Pezzotta: L'Italia non appoggi la giunta militare del Myanmar
Roma (AsiaNews) Il segretario generale della Cisl, uno dei sindacati italiani, chiede all'Italia di non fare affari con la giunta militare di Yangon. Di ritorno da un viaggio nel sud-est asiatico dove ha incontrato leader politici e sindacali in esilio - Savino Pezzotta ha spiegato ad AsiaNews le preoccupazioni per la democrazia in Myanmar, alla vigilia dell'incontro nazionale sulla nuova costituzione, voluto dalla giunta militare. In una lettera a Gianfranco Fini, ministro italiano degli esteri, Pezzotta ha chiesto che l'Italia si schieri con più decisione contro l'oppressione dei diritti umani. Ecco l'intervista rilasciata ad AsiaNews:
Dott. Pezzotta, qual è la sua esperienza birmana?

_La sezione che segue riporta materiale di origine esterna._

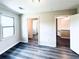 Bright bedroom with gray floors, two doorways, and a window letting in natural light at 238 Marks Rd, Mansfield, GA 30055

Ho incontrato i dirigenti del sindacato birmano in esilio, nei campi profughi e nelle scuole che hanno costruito al confine con la Thailandia. Ho anche incontrato 150 rappresentanti dell'opposizione, raccolti nel Consiglio nazionale dell'unione birmana (Ncub). Loro stanno lavorando per la nuova costituzione e chiedono di non essere dimenticati dall'opinione pubblica internazionale. In occidente nessuno ne parla; invece occorre che la vicenda birmana sia portata ancora alla luce del sole. Mentre il governo prepara la nuova costituzione, senza la presenza dell'opposizione, una specie di Comitato nazionale per la liberazione, sta stilando la loro costituzione birmana. Fra gli esiliati sono presenti tutti gli elementi della società, anche i sindacati. Il primo obbiettivo per loro e per noi è la liberazione di Aung San Suu Kyi, la leader della Lega per la democrazia, che ora è agli arresti domiciliari.
Come mai un sindacato occidentale si interessa alla costituzione di un paese asiatico?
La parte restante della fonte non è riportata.